The Minnesota Wild have been in this position before, down 3-2 in a playoff series before heading back to their home ice.
They weathered that storm in the previous round, defeating the Colorado Avalanche in seven games.
Now they hope to do the same against the Blackhawks.
"Our heads aren't down; the series isn't over," Charlie Coyle said following Minnesota's 2-1 loss in Game 5 Sunday night. "We just have to focus on our next one, that's all."
The Wild bottled up all the momentum they gained in Games 3 and 4 at home and unleashed it at the start of Sunday's game.
They dictated the majority of the first period as they went on to take a 1-0 lead against a Blackhawks team that had yet to record a win after trailing at the start of a game since the playoffs began.

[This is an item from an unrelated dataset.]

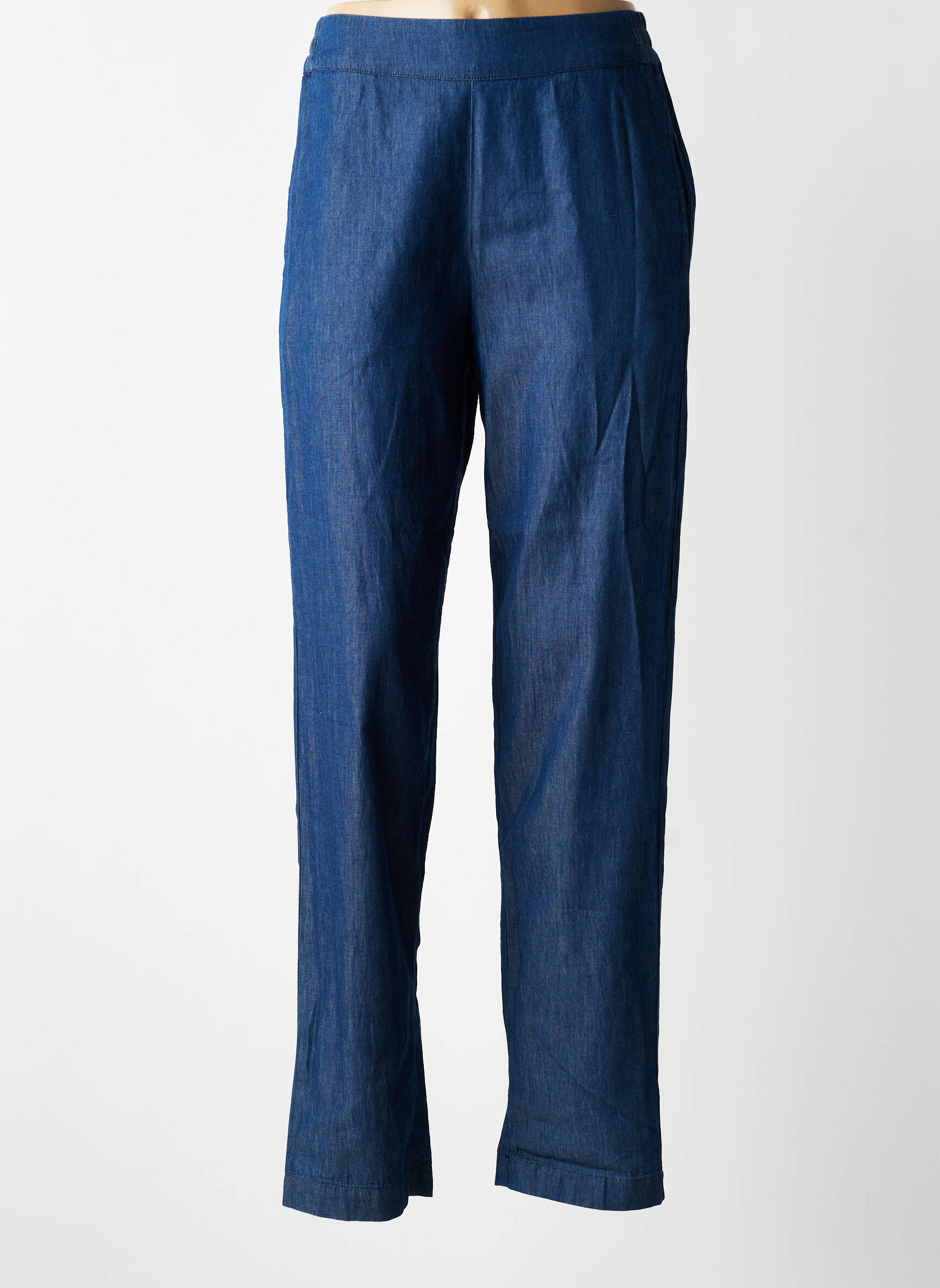 Pantalon drept țesătură poplin mărime normală albastru FRANSA femeie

But despite the confidence the Wild felt after the first 20 minutes, they couldn't match Chicago's intensity in the second period.

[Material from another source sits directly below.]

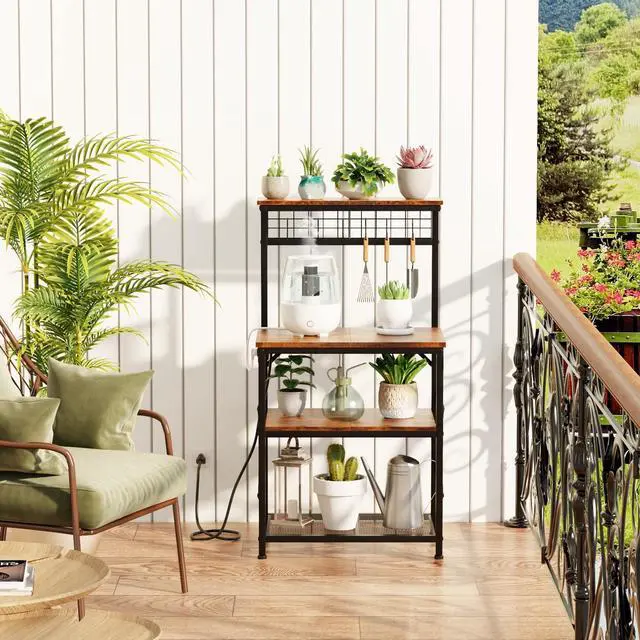 Alt view image 7 of 7 - Kitchen Bakers Rack with Power Outlet, Microwave Oven Stand with Storage 4 Tiers, Coffee Bar Table with 6 S Hooks, Kitchen Storage Shelf Rack for Spices, Pots, Rustic Brown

"Our group played well in the first period and we had chances," said Erik Haula, who scored Minnesota's lone goal of the evening. "(The Blackhawks) played really well in the second and it was a sword fight in the third."

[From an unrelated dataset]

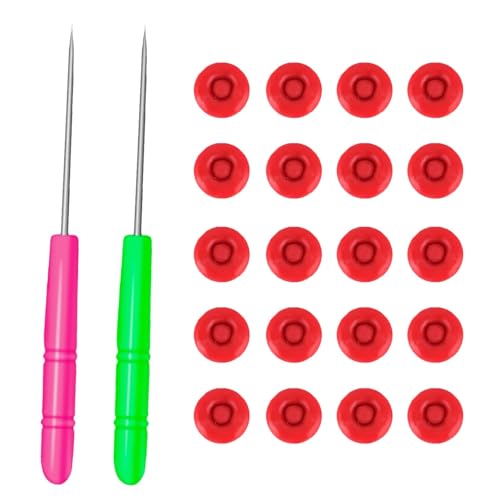 20 Pcs Caulk Cap Covers,Red CaulkCap,CaulkSaver Caps,Caulk NozzleCaps,Saving Sealer TubeCaps with 2pcs Reusable Piercing Needles for Finishing Sealing Preserving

While the Wild aren't thrilled about the situation they're in, they're confident a return to Minnesota will give them that boost they lacked throughout parts of Sunday's game.
After all, the Wild — like the Blackhawks — remain undefeated in front of a home crowd this postseason.
"Last series I thought we did a great job staying positive despite the fact we were down 2-0," head coach Mike Yeo said. "We still believe that we can win, and that to me is the No. 1 thing."
Now the Wild are preparing to bring the intensity and desperation that will be absolutely necessary for them in Game 6. The team said they learned plenty of lessons throughout their series against the Avalanche and believe that experience will pay off for them in their matchup ahead.
So in one sense, the Wild being in a similar situation can help their confidence as they head back home, considering things worked out well for them the last time around.
But at the end of the day, being down 3-2 in two consecutive series is just plain tough.
"It's similar in that it sucks," Yeo said when comparing Minnesota's two series this postseason. "It sucks to lose a game like this, and obviously when you lose, you're frustrated, you're mad. But I think there's been enough in this series where we should feel confident still. That said, we also recognize that we'd better be ready."
Now his players are ready to do just that.
"It's never a good feeling to lose, but it's just like last series," Haula said. "We just have to go back home and get it done."